His contentions were rejected when the court found Paycom’s “claims against OCPA relate[d] to or [were] in response to the OCPA’s exercise of the right to free speech.” The judicial ruling found the Paycom lawsuit meritless and that there was “absence of any evidence of actual malice by OCPA.”
This lawsuit was not the first time Paycom has used its considerable resources to try to influence various entities — some much larger than OCPA. In 2020, Richison criticized past efforts at diversity and inclusion at the University of Oklahoma, saying “previous diversity training efforts failed because they assured free speech protection.”
The sanctions process in court has steadily unveiled earlier examples of Richison’s low regard for the OCPA leadership’s exercise of free speech rights. OCPA’s legal counsel also brought up prior instances where Paycom has targeted members of OCPA’s board, including Larry Parman and former board member Frank Keating. According to OCPA’s legal counsel, these prior attacks demonstrate a vindictiveness on the part of Paycom that warrants significant sanctions.

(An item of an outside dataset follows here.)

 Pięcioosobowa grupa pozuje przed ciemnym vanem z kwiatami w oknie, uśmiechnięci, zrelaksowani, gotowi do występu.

In an October 2017 email, Larry Parman, an OCPA board member, said he heard from Richison in the midst of OCPA’s efforts to oppose tax-increase proposals at the state Legislature. According to an argument made by OCPA’s attorney, Richison told Parman that OCPA was in conflict with Paycom and said OCPA needed to back off.
Parman, also at the time a Paycom board member, ultimately stepped down from his position with Paycom.

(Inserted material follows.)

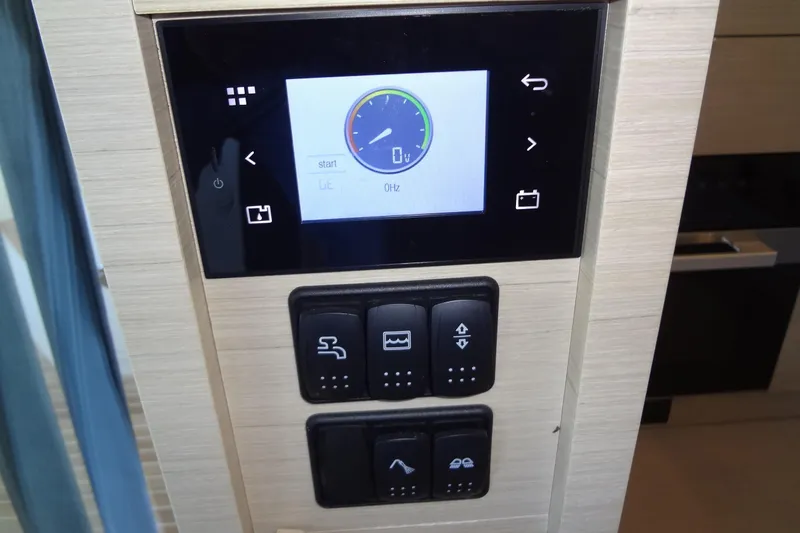 Dream Big Yacht Photos Pics Control panel of 2023 Prestige 420S yacht with digital display and buttons.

OCPA president Jonathan Small says the clash centers over freedom of speech rights. OCPA’s legal counsel has pressed a belief that the proceedings should include a focus on the Oklahoma Citizens Participation Act, an anti-SLAPP (Strategic Lawsuit Against Public Participation) law.
That law, similar to provisions in many states, affirms that wealthy litigants should not be able to crush the rights of individuals or groups to speak out on contentious public policy questions without fear of economic reprisals.